Once you find the line with "Air Jordan 11" in the data below, transcribe exactly each line from there to the line with "優しい味 絹豆腐のあんかけスープ レシピ 作り方 By うまみりこ クックパッド", inclusive, and nothing else. Drop the pictures.

• Data provided:
---+---

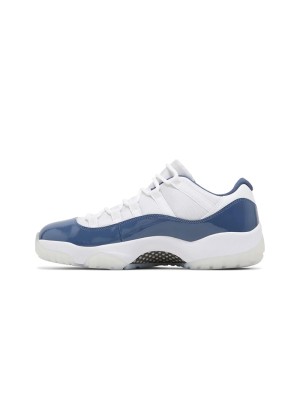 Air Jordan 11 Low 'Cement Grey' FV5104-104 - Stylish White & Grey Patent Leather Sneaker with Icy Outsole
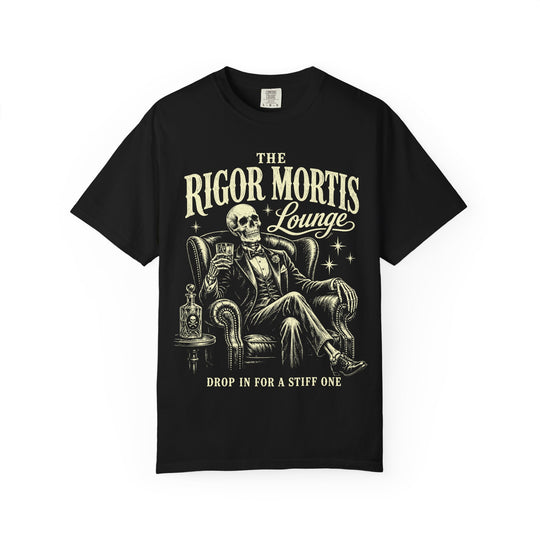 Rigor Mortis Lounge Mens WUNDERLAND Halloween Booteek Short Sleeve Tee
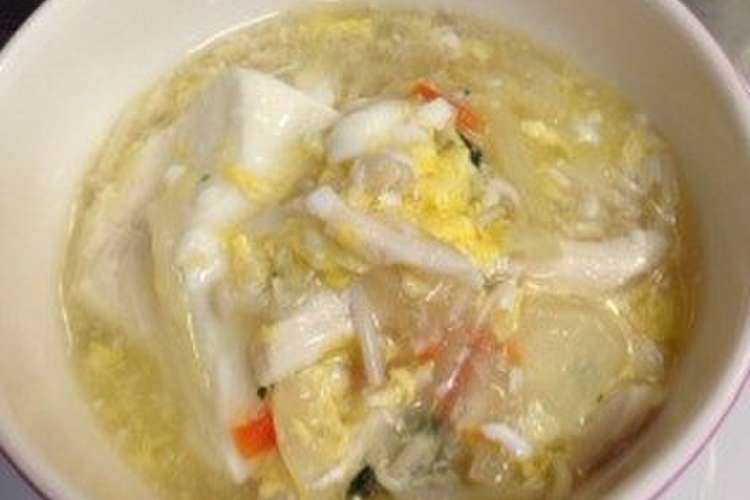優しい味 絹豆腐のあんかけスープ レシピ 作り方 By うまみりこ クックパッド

---+---

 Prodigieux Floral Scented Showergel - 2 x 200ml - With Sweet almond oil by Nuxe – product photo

---+---

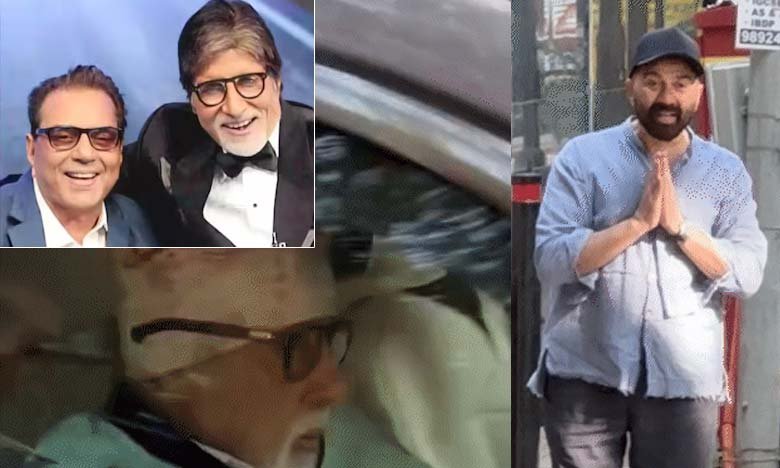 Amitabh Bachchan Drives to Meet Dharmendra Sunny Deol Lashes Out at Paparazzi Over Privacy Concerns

---+---

• Answer section:
 Air Jordan 11 Low 'Cement Grey' FV5104-104 - Stylish White & Grey Patent Leather Sneaker with Icy Outsole
 Rigor Mortis Lounge Mens WUNDERLAND Halloween Booteek Short Sleeve Tee
優しい味 絹豆腐のあんかけスープ レシピ 作り方 By うまみりこ クックパッド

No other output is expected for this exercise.